Trascender la identidad.
Sí, me he pasado la vida, especialmente de niño, teniendo que explicarle a la gente que soy mitad judío y mitad católico, que en casa celebrábamos Navidad y Janucá, cosas así. ¡Ridículo! ¿Qué es ser mitad católico, creer en un Cristo que cuelga solo de una mano, una pierna y medio tronco? Nadie es mitad nada, tú eres enteramente quien eres. Punto y final. Eres 100% judío, eres 100% católico, lo que seas eres 100% tú, y la manía de dividir y etiquetar y catalogar es… is the fucking other people problem! [el problema de los demás].
¿Por qué tituló el libro con un apodo que le hizo tanto daño cuando era pequeño?

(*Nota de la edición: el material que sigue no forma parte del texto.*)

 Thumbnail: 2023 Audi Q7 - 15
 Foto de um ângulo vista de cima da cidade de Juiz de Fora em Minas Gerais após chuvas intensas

Porque es el título perfecto. Me gusta Monkey Boy como metáfora. Era ambiguo en mi caso, también podía tomarse como algo divertido o hasta cariñoso. Si a un niño negro le llaman monkey, va a saber que eso es racista, no puede ser otra cosa; pero alguien como yo, que es a la vez guatemalteco mestizo-mulato y judío blanco, no sabe seguro si es racismo o si realmente creen que se parece a un mono. Así es la condición mestiza, y muchas veces he sentido que mi experiencia molesta porque no cuadra dentro de las vigentes discusiones de la identidad, que soy algo así como étnicamente incorrecto y que es mejor pasar de la gente como yo. Pero, la verdad, a mí me libera tener esa identidad fragmentada.
Con la trilogía que cierra Monkey Boy, Francisco Goldman considera satisfecho su impulso más autobiográfico. Ahora trabaja en una historia que situará en New Bedford, un puerto al sur de Boston con una numerosa comunidad guatemalteca y el lugar donde empieza Moby Dick, en su opinión la única novela merecedora del calificativo de gran novela americana. Precisamente con una frase del clásico de Melville decidió abrir su último libro: “Vamos, tú, mono’, decía un arponero”.